細いロープに人間一人の全体重の負荷がかかれば、木製の柵をぐらつかせ、そこに食い込んだ跡を残すこともあるだろう。となると、やけに綺麗に塗り直した白いペンキも、その痕跡を隠すためなのではないかと疑ってしまう。
だが、僕が不動産屋から聞いた情報は「1年前に玄関のドアノブで首吊り」である。ロフトの柵で首を吊ったとは聞いていない。
「大島てる」で調べてみると……
僕は事故物件公示サイト「大島てる」で自分の部屋を探してみた。もしかしたら僕の知らない情報が載っているかもしれない。「大島てる」にはマップ上に火の玉のアイコンが表示されていて、それをクリックするとさらに住所と死因、死亡時期などが表示される。

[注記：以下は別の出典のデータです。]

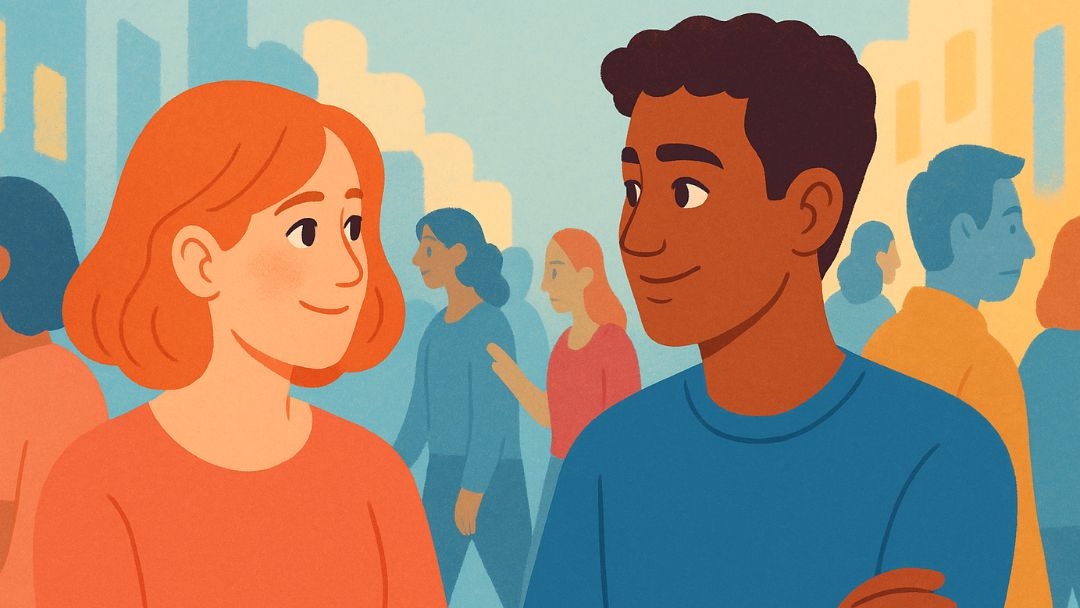 Two people using social cues to communicate effectively in crowded setting.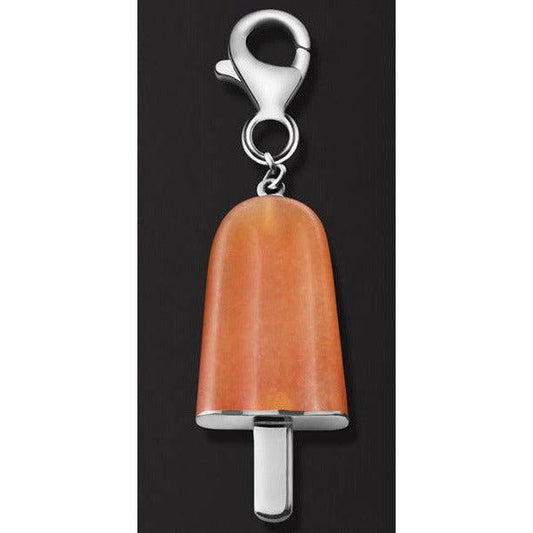 AMBROSINI JEWELS - PENDENTE ARGENTO 925° ghiacciolo finitura bianca pietra arancio piccolo (21x14 mm) AMBROSINI JEWELS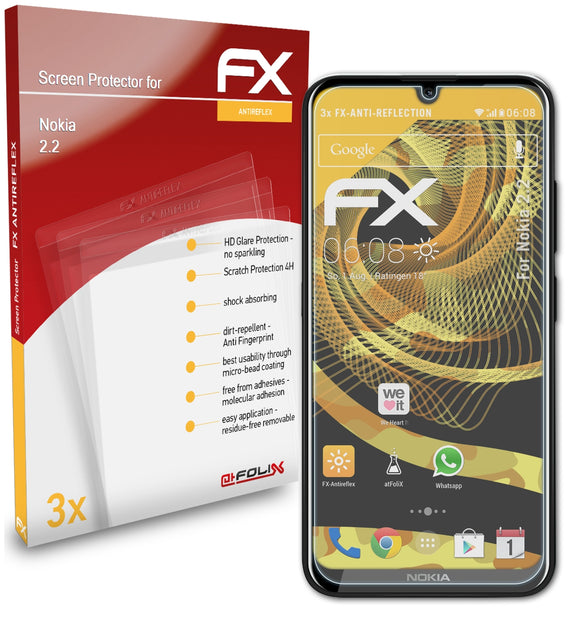 atFoliX FX-Antireflex Displayschutzfolie für Nokia 2.2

僕が住んでいる場所に、火の玉はついていた。クリックすると、そこにはこう書かれていた。
「3~5年前、ロフトで首吊り」
つまりこの部屋は、二重の事故物件だったのだ。元々ロフトで首吊りがあった事故物件に住んだ女性が、1年前に玄関のドアノブで首を吊った、ということである。
さて、この事実をどう解釈するか。
「二重の事故物件」に理由はあるのか?
オカルトに結びつけるなら、ロフトで首を吊った前々住人(そのさらに前かもしれないが)の霊に引っ張られて前住人も自殺をしてしまった、となるだろう。しかし、前住人は前々住人が首を吊ったロフトではなく、玄関のドアノブにタオルをかけて首を吊っている。霊に引っ張られるなら、同じ場所で同じ方法で、の方がなんだか納得がいくのだが、実際はそうではない。
ここで気になるのが、僕が不動産屋から聞いた「恋人と喧嘩の末、突発的に自殺」という情報である。何故そんなことがわかるかというと、部屋には遺書が残されていたからだ。さすがに現物は見せてもらえなかったが、そのような内容がおそらく書かれていたのだろう。